Redazione Diritti Globali: Iniziamo da una fotografia dell’Afghanistan in quest’anno…

Malalai Joya: Dopo la tragedia dell’11 settembre 2001 gli USA e la NATO hanno occupato il nostro Paese con la scusa di portare la “democrazia”, i “diritti delle donne”, i “diritti umani” ma hanno rimpiazzato il regime barbaro dei talebani con signori della guerra fondamentalisti che sono fratelli di sangue dei talebani e hanno combattuto una guerra civile dal 1992 al 1996 distruggendo Kabul, riducendola in cenere e ammazzando oltre 70 mila civili. Il governo era anche composto da tecnocrati formati in Occidente che in cambio di dollari e potere, hanno fatto compromessi con questi signori della guerra di mentalità medievale.

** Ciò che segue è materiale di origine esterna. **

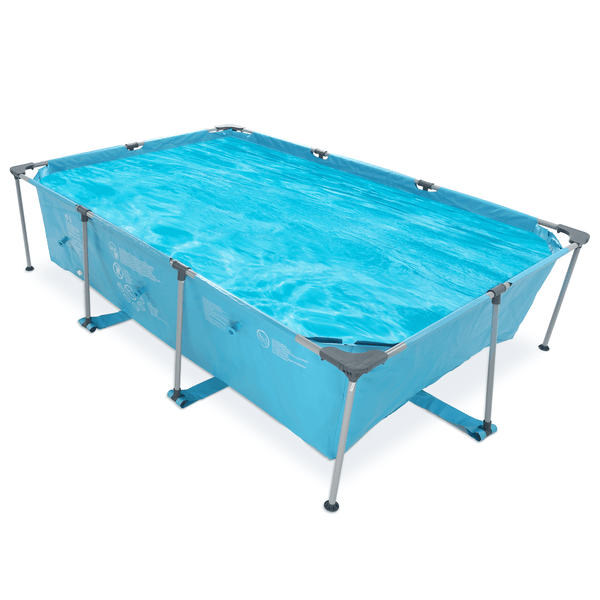 10Ft Frame Pools Blue Family Outdoor Use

Dopo decenni di “guerra al terrore” da parte di USA e NATO, e dopo una spesa di oltre 100 miliardi di dollari, tristemente, il nostro Paese continua a essere in cima agli indici di guerra, povertà, disoccupazione, produzione e consumo di droga, corruzione, analfabetismo, mortalità infantile, infelicità. L’occupazione straniera ha solo aumentato i nostri problemi, in realtà. Oggi le bombe, gli attentati suicidi, gli attacchi di droni, le esecuzioni pubbliche, gli stupri e gli stupri di massa, i rapimenti e altre tragedie minacciano la vita della nostra gente ogni secondo. La gente non si sente sicura da nessuna parte, dentro o fuori casa e i terroristi oggi sono più forti.

 

RDG: In questo quadro, c’è un’opposizione ai “signori della guerra” che, come sottolinei, hanno un potere enorme?

MJ: Per decenni le forze e gli individui progressisti in Afghanistan hanno lottato e resistito a fondamentalismo e occupazione straniera. Queste figure e movimenti sono la speranza del futuro dell’Afghanistan poiché hanno sempre alzato la voce per la giustizia e la pace, contro i criminali e i traditori, nonostante i rischi crescenti di detenzione, tortura e morte. Nonostante siano sotto minaccia e deboli in questo momento, i loro obiettivi e le loro parole d’ordine sono quelle degli afghani. Un partito progressista chiamato Partito della Solidarietà dell’Afghanistan è gestito da bravi giovani. È un partito secolare, fortemente appoggiato dalla gente. L’Associazione Rivoluzionaria delle Donne dell’Afghanistan (Revolutionary Association of the Women of Afghanistan, RAWA) è un’organizzazione di donne molto attiva e combattiva. La loro leader, Meena Keshwar Kamal, è stata assassinata dai fondamentalisti nel 1987.

Il mio messaggio alla gente nel mondo che ama la giustizia è sempre stato quello di sostenere queste donne perché io credo che siano l’unica alternativa per un futuro prospero e pacifico in Afghanistan.

 

RDG: E i talebani e le altre formazioni fondamentaliste? Diresti che la natura dei gruppi politico-religiosi è cambiata rispetto a prima del 2001? Se sì, come? Chi controlla questi gruppi?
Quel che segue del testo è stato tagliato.